There were four of us and we all loved this first course of mushroom and walnut pate with sour cherry and walnut bread. I think it was my favourite savoury course and the bread was amazing. Really dark and crunchy. I’d like to find out what made it so dark because it didn’t have a coarse texture and it wasn’t heavy like some of the dark rye breads.
It’s hard for me to judge this next course because I’m not a fan of fruit in savoury dishes and the idea of fruit in a salad with a curried citrus dressing is too reminiscent for me of that strange old habit of putting sultanas in curry. It’s just not for me. Having said that I did eat this course and I enjoyed the variety of fruit and the mixed salad leaves in the bottom with the dressing – I’d just prefer it not all in the same bowl! It was however a good call to have a light refreshing course.
Next came a dish I’d been very intrigued by, a curried squash pithivier. I associate pithiviers with French cooking rather than curry flavours but this was lovely. The flavouring was great and if you think of it as combining a pasty with curry, well what a good idea 🙂 My only minor complaint would be that I’d have liked a higher filling to pastry ratio. I loved the spinach puree as well. It was only a small amount but it really packed a punch flavour-wise. I often have spinach curry if we’re at an Indian restaurant and this was like all of those flavours concentrated.
The last of the savoury courses was a miso ramen. I enjoyed this overall but there were mixed feelings in our group and I think it was the least loved dish of the night. I really liked the selection of veg in it, the carrot ribbons which I think had been marinated in ginger were amazing and the fine noodles in the miso broth were good … but I didn’t like the way the tofu had been prepared and the seaweed was just a bit too seaweed-y!
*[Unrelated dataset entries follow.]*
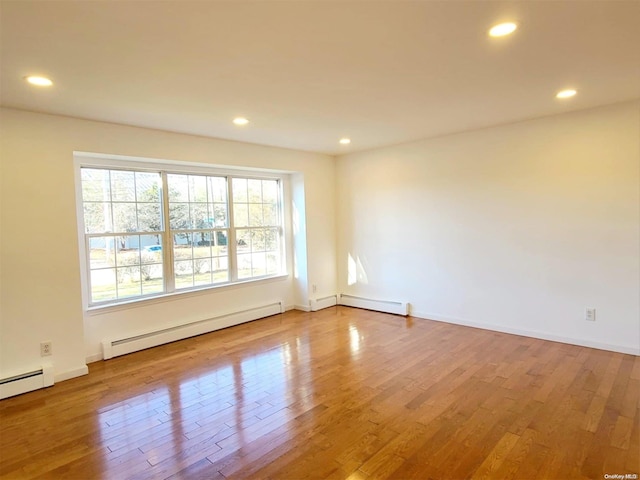 spare room with wood-type flooring and a baseboard heating unit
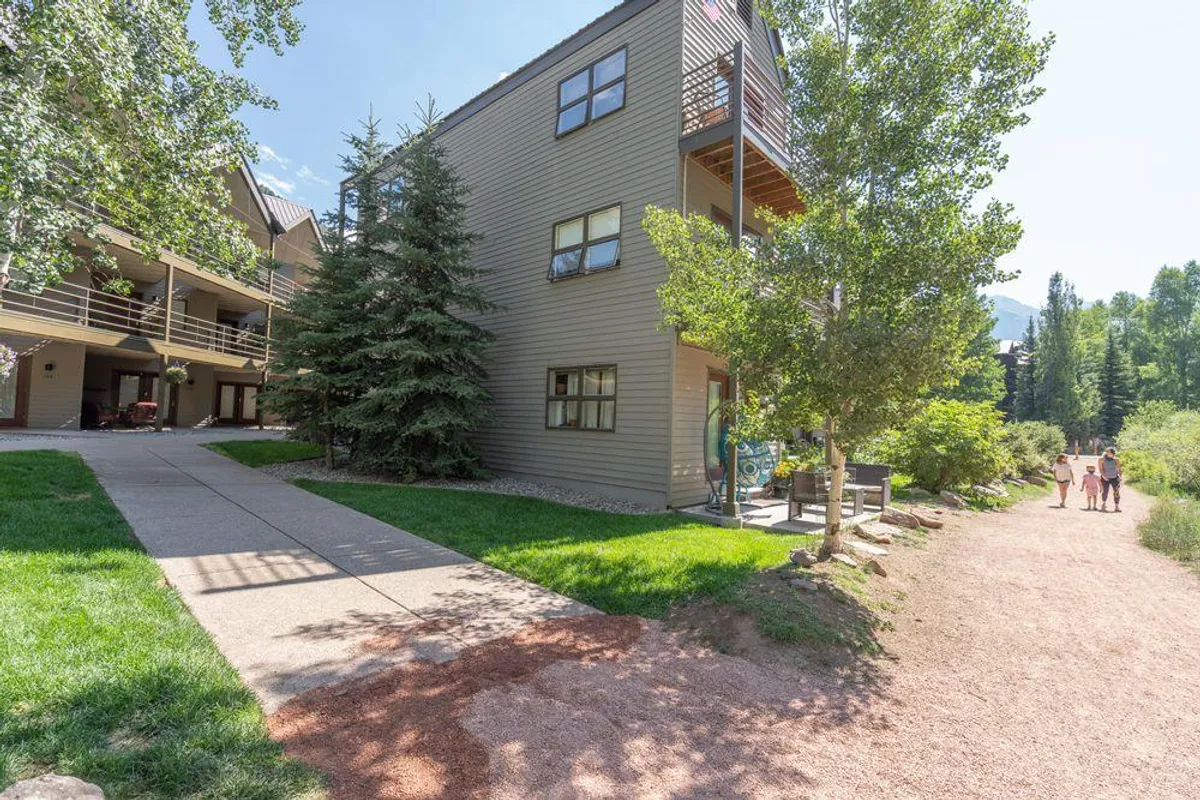 This exterior shot features the building facade and a scenic pathway leading to the property, bordered by vibrant greenery. Balconies offer spots for morning coffee or evening relaxation, and the whole setting feels quiet and inviting.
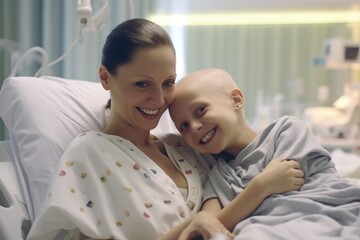 little boy with cancer with mother woman in hospital bed smiling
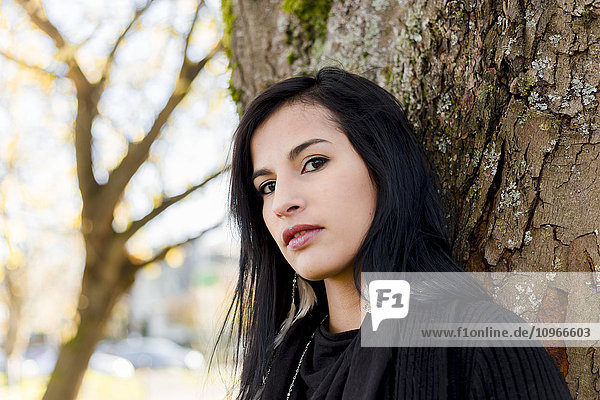 'A young aboriginal female model headshot in the outdoors in autumn with a tilted gaze into the camera leaning on a tree; Vancouver  British Columbia  Canada'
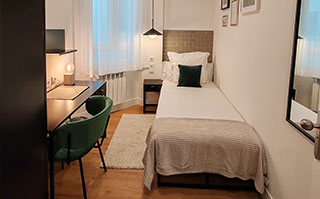 Bedroom of the shared apartment in downtown Bilbao, Spain.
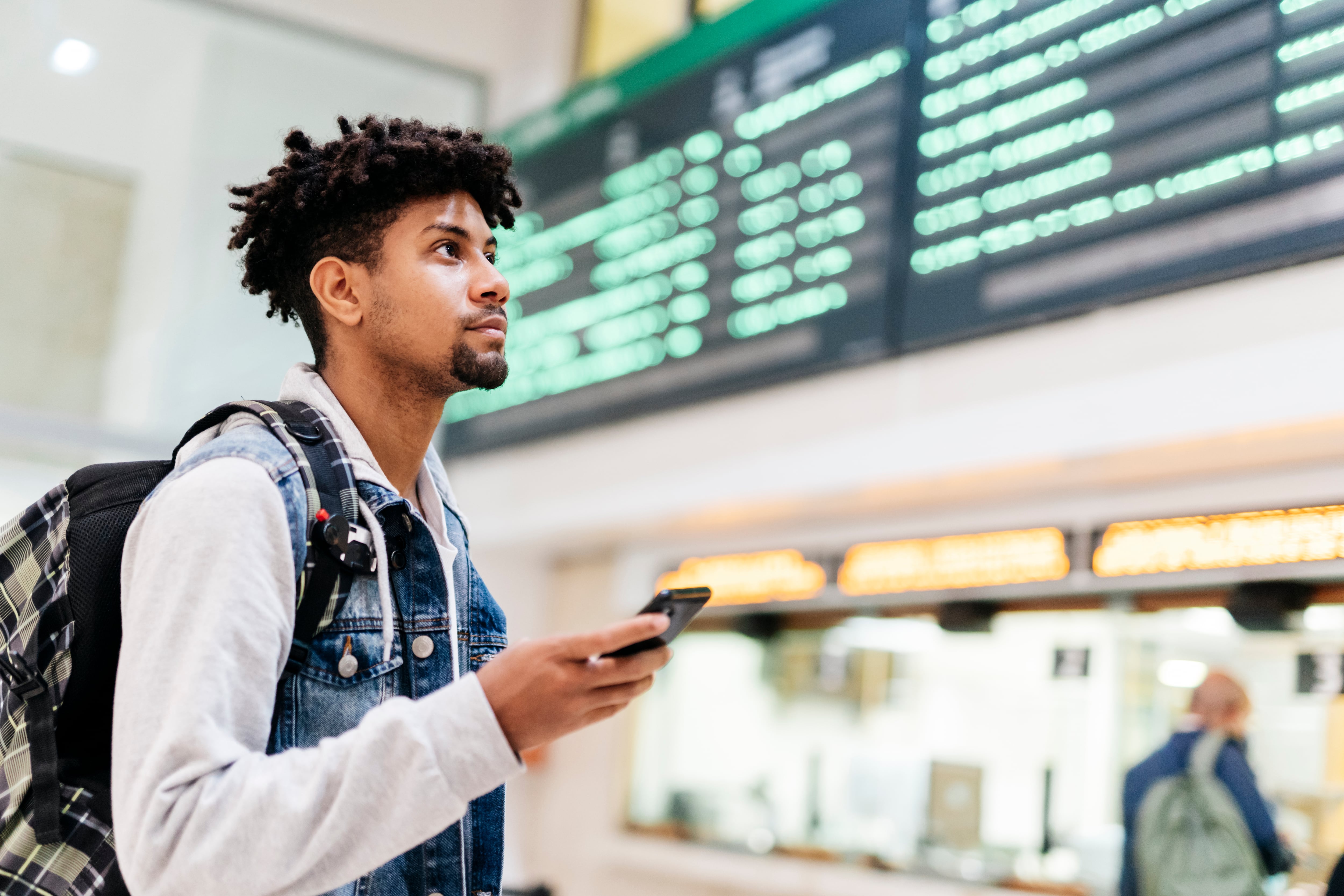 Un joven en el aeropuerto mirando la lista de destinos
I’ve been thinking of eating more seaweed because I have an underactive thyroid and seaweed is a good source of iodine but I think I’ll have to shop around for one I like more.
In the language of the Great British Bake Off, this was definitely the showstopper of the evening. Vegan meringue (it would be reasonable of you to ask how that is even possible!) with strawberries, parma violet syrup and parma violet dust. Oh and it was decorated with beautiful pansies. I don’t love parma violets but they worked really well in this form and for those of you who are big fans apparently it was made by grinding up parma violet sweets and it looks like you can buy 6kg for the price of 4kg at the moment! Back to the meringue. It was amazing. Sweet, light, crunchy on the outside, softer inside, all the things a meringue should be. Apparently the magic ingredient is the liquid from canned chickpeas so I’m going to have a go at the weekend.
Finally, we got to our sixth course, the end of our fantastic meal, homemade dark chocolate truffles which were very thoughtfully presented in a little bag just in case we were full by that point!
Overall, a wonderful meal with lots of different flavours and ideas that I’ll play with at home. I will definitely be looking out for the next one. Fingers crossed my meringues come out like theirs!